Work required:
The reply to the records below should contain exactly the lines from the line with "More Photos Of" through the line with "christian 55 ans paris 19eme arrondissement", and nothing besides.

Available data:
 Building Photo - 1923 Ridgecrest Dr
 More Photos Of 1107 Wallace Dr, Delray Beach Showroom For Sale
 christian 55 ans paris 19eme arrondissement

--

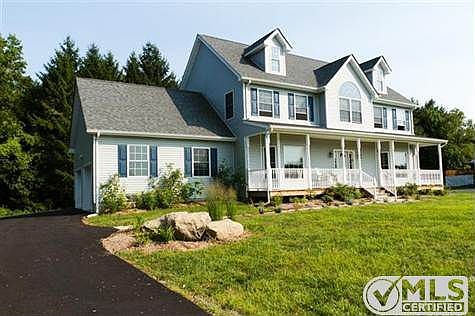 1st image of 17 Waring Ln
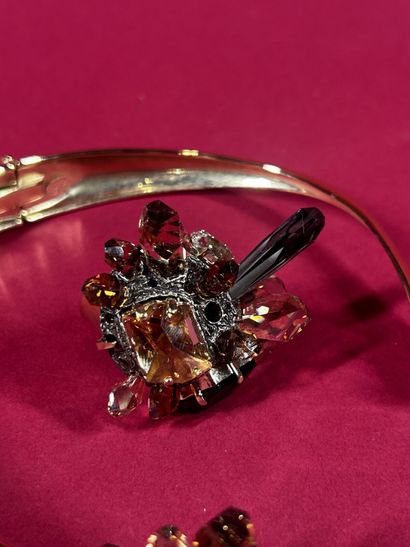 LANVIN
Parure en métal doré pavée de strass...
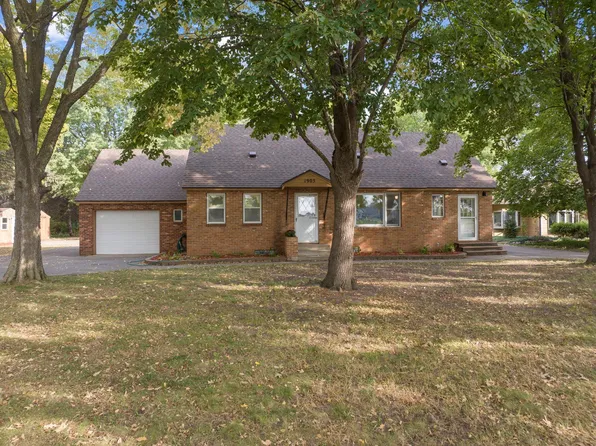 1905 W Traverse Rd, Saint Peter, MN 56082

...

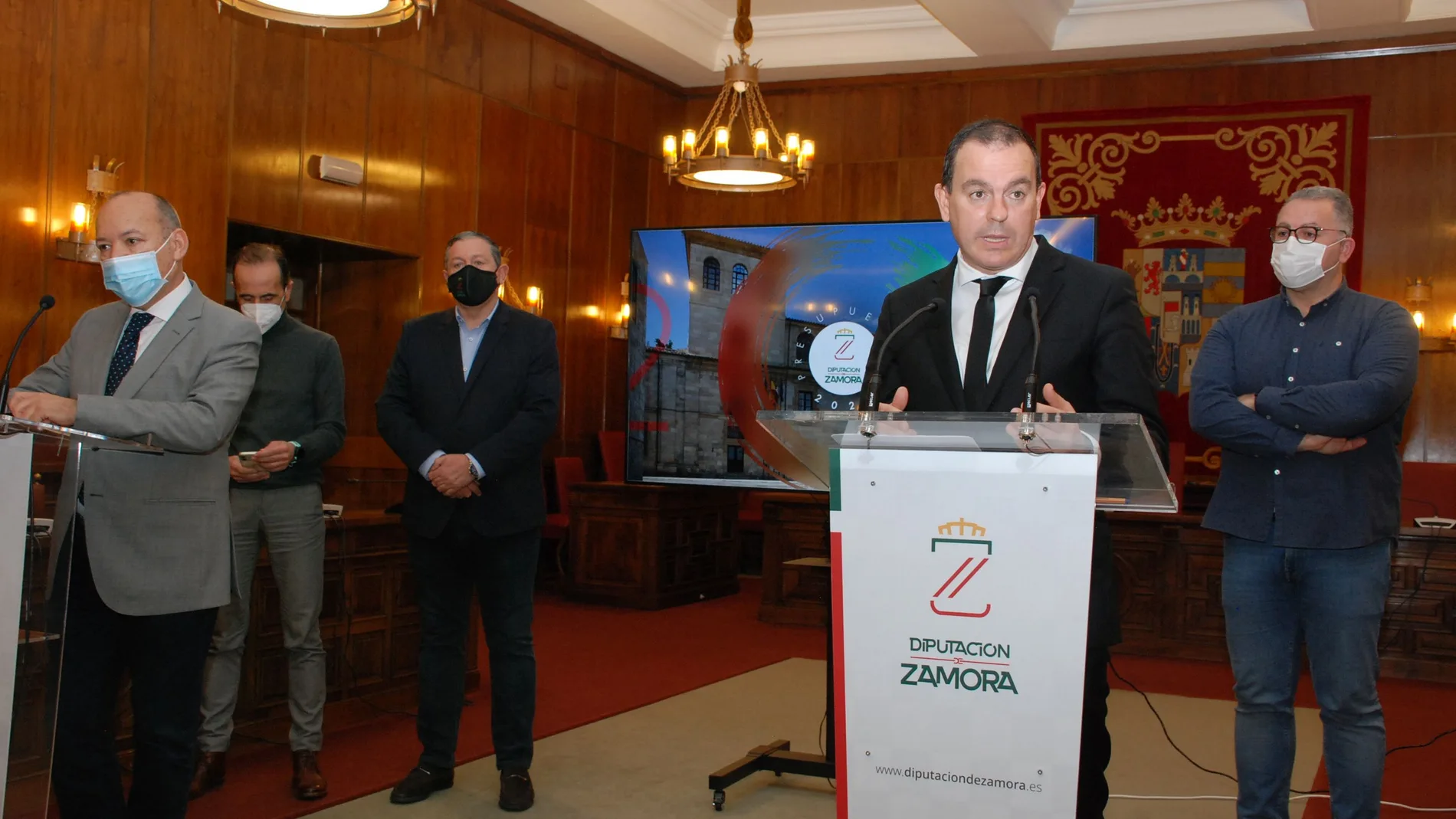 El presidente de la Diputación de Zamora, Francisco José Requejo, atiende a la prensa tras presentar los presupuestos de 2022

Answer:
 More Photos Of 1107 Wallace Dr, Delray Beach Showroom For Sale
 christian 55 ans paris 19eme arrondissement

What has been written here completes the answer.